BEGIN DATASET RECORDS

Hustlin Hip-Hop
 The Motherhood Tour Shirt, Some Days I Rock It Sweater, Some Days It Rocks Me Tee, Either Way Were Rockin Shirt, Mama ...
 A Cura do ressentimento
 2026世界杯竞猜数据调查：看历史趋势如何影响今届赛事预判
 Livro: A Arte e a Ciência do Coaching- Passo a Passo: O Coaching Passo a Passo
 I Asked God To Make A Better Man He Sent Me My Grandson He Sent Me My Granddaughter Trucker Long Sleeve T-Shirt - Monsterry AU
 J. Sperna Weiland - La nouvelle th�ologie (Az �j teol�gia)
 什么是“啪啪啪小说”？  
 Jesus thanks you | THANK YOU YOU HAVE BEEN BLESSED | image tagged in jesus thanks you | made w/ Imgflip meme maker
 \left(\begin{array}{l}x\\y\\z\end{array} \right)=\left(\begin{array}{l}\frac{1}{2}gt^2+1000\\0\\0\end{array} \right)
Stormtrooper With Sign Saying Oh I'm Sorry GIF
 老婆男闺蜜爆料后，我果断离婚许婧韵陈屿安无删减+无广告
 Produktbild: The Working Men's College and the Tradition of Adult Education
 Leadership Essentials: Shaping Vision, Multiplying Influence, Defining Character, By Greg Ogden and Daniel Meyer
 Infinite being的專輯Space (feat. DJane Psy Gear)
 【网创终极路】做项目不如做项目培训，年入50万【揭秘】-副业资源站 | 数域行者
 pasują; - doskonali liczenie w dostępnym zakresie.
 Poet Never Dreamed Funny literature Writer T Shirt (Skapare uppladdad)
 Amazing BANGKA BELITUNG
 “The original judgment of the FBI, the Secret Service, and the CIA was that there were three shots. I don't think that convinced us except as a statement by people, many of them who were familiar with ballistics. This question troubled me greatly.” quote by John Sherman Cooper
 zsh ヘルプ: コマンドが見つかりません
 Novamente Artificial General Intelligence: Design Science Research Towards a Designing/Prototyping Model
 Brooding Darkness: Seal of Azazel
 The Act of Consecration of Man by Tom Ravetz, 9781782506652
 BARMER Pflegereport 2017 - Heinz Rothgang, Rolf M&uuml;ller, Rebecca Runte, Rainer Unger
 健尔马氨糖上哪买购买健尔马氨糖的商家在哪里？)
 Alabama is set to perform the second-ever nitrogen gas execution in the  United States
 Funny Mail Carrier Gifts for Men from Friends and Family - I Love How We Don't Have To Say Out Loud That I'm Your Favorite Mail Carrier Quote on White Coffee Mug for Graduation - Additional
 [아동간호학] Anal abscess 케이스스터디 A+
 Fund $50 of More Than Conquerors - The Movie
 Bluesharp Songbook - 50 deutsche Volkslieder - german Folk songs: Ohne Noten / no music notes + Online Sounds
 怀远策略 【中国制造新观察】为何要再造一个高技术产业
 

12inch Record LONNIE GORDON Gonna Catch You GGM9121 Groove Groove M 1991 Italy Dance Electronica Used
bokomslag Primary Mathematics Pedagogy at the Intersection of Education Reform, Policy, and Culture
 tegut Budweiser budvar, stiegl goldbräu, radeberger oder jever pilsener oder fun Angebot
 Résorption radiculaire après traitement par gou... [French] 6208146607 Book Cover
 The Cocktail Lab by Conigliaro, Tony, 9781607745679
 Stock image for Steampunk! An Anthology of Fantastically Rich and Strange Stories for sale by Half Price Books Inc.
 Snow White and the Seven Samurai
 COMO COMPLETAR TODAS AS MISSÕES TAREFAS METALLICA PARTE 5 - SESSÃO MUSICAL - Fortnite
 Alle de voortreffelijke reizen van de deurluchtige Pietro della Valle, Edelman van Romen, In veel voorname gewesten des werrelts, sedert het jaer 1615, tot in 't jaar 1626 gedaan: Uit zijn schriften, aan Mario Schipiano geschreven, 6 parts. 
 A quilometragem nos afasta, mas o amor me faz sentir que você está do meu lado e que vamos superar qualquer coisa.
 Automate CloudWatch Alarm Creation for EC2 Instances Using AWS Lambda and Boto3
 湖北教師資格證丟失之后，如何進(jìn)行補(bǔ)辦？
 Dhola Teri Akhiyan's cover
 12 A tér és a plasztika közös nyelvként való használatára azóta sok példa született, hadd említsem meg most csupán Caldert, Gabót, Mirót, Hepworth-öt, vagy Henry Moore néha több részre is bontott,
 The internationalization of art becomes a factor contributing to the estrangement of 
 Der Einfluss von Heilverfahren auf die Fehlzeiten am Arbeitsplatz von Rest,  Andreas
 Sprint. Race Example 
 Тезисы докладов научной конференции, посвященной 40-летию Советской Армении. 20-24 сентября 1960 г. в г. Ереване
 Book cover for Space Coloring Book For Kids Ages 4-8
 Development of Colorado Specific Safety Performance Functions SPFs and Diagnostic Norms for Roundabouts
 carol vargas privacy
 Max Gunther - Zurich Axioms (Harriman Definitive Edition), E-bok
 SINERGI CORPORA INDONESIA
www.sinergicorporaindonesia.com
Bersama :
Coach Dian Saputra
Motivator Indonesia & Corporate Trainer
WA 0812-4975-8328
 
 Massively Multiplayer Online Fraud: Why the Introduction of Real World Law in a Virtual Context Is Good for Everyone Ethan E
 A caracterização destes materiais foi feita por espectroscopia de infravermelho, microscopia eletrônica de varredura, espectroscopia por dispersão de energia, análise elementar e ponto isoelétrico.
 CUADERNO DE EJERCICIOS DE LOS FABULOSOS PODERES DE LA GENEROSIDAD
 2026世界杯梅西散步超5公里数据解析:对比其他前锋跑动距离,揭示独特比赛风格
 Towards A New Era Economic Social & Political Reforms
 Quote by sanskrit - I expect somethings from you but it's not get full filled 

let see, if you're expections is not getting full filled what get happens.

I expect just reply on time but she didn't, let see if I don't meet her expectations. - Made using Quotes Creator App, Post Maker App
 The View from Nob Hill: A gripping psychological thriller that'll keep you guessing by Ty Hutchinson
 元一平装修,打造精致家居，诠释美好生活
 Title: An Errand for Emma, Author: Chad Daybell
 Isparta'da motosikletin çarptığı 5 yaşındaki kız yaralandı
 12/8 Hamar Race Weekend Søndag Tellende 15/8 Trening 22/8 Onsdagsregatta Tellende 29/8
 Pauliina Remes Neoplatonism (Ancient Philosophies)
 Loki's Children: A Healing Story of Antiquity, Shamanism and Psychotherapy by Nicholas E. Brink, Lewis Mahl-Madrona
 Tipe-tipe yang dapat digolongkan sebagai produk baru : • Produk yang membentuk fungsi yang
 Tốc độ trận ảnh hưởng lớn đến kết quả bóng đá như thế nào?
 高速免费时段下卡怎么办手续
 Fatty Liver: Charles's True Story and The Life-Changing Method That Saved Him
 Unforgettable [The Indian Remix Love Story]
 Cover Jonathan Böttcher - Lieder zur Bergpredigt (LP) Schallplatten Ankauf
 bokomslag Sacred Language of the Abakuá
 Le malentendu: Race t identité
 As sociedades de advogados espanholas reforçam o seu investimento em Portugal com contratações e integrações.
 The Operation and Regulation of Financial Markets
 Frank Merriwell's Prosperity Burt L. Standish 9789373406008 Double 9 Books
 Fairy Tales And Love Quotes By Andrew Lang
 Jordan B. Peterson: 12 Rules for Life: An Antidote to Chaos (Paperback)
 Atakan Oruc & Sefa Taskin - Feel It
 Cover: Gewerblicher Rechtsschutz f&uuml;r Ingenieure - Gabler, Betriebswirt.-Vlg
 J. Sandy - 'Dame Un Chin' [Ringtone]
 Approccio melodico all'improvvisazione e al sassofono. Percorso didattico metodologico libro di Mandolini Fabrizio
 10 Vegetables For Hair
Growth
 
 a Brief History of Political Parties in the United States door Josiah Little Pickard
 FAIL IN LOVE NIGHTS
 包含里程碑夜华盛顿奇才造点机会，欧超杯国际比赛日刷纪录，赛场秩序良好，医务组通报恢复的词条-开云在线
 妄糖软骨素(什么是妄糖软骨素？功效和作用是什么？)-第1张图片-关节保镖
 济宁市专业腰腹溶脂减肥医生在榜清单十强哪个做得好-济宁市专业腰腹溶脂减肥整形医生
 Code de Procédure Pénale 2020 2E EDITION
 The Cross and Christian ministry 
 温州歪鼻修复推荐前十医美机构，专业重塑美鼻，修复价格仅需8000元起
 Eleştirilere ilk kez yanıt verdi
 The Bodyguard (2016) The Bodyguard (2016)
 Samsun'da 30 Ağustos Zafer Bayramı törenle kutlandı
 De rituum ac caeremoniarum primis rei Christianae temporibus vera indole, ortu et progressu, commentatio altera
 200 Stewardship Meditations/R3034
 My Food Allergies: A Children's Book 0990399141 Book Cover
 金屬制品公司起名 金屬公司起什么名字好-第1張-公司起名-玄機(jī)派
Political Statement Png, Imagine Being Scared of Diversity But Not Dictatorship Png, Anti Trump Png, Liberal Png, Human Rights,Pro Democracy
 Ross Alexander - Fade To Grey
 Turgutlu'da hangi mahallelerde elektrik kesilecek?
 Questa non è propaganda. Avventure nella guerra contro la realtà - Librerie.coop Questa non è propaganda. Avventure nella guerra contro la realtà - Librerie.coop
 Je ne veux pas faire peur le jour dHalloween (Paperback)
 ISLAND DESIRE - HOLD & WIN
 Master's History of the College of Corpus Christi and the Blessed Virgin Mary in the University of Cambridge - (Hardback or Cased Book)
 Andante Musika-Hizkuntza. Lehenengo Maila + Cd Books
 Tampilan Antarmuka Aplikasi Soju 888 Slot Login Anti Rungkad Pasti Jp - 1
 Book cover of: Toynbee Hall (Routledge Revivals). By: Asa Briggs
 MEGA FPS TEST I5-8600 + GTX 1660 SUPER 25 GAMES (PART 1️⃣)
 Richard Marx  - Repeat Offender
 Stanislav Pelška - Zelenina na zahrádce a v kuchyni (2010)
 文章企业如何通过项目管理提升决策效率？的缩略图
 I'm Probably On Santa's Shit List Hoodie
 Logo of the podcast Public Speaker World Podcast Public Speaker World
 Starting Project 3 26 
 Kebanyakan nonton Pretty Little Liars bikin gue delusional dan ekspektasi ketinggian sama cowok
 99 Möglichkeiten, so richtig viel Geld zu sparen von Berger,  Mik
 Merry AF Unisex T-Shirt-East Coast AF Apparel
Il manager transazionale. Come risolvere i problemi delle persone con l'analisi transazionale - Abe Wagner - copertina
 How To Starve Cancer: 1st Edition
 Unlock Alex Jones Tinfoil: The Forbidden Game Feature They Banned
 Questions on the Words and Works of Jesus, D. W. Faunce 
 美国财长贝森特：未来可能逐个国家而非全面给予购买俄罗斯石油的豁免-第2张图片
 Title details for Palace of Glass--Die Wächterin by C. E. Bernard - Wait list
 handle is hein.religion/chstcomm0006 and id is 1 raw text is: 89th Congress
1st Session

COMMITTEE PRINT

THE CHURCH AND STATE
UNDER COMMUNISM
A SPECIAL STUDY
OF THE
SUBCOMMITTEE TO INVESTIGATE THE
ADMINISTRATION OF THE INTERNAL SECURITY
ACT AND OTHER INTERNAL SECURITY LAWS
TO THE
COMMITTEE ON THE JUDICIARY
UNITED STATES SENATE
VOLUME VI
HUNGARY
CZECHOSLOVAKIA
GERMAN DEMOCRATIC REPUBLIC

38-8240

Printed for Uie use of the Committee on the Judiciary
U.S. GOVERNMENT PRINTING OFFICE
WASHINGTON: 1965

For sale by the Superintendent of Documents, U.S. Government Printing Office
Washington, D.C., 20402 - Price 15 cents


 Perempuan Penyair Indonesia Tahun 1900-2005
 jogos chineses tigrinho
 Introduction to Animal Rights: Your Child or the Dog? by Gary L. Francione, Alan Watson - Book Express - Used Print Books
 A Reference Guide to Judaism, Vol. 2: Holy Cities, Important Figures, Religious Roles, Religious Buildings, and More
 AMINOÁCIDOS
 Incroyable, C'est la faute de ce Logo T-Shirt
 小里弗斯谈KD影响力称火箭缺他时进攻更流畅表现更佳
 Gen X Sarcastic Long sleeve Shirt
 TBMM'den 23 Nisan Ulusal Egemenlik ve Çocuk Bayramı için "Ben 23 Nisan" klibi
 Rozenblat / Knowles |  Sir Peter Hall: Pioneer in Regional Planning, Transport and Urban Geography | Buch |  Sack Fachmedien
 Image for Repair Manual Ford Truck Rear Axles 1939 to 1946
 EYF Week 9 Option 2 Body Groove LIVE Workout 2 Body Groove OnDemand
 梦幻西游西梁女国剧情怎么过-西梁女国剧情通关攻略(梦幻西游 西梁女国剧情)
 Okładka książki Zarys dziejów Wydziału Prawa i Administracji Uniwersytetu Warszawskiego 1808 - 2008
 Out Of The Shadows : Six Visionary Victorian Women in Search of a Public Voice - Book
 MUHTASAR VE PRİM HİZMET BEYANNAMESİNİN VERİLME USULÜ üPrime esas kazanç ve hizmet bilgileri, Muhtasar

END DATASET RECORDS

▶ YOUR ASSIGNMENT
Among the records, find every line with the word "History" and copy it.

▶ PROBLEM SOLUTION
 a Brief History of Political Parties in the United States door Josiah Little Pickard
 Master's History of the College of Corpus Christi and the Blessed Virgin Mary in the University of Cambridge - (Hardback or Cased Book)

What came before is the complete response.